The characters and events portrayed in this book are fictitious or are
used fictitiously. Any similarity to real persons, living or dead, is
purely coincidental and not intended by the author.
Prologue
Condemned by Original Sin to lonely graves, this blighted bit of earth was an urban cemetery where the outcast dead were buried. Chancing upon the Devil was more likely here than an encounter with the Holy Ghost. Clumps of clay marked the random charnel beds of female hearts broken on the wheel, blanketed now with withered weeds and thorny things that clutched and tore. The heaped up clods looked like slag heaps pricked with wooden crosses that tilted like tipsy scarecrows, some already lying flat and helpless between the tormenting prickles.

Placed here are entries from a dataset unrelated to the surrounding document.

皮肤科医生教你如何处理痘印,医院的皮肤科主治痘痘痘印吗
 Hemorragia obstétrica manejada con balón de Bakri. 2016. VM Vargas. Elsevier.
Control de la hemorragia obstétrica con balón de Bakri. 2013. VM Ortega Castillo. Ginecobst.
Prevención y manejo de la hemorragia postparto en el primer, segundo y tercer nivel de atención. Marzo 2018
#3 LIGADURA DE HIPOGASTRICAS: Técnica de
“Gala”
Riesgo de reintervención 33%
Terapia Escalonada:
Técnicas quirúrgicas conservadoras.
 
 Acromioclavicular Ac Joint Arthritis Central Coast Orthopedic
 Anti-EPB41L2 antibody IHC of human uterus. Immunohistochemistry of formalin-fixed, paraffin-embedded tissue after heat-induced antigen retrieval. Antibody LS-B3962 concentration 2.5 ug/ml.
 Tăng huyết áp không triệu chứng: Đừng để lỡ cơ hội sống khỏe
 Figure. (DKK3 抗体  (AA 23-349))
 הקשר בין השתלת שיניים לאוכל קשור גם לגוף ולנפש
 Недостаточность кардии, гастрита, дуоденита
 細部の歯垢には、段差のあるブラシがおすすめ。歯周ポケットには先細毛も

In the heart of this boneyard stood the one and only headstone; wind-whipped, rain-lashed, yet still standing defiantly upright. It had no engraving, no epitaph, but it must have been erected to mark the last resting place of someone important enough to remain anonymous throughout eternity.
The whiff of something sour hung on the dank air as if in supernatural sympathy with the icy malice of the place. The oozy waste-ground festered something rotten which had the look of fermented marrow from discarded bones. Stinking juices seeped continuously to the surface like a wound turned septic or a sore that refused to heal.
Crossbones Cemetery was brimmed with soot-stained bricks on one side where the slums of the poor rose up to accommodate them. The rear was marked by a railway viaduct that looked down on the neglected garden not more than half an acre in size and must have given train travellers pause for thought: There but for the grace of God...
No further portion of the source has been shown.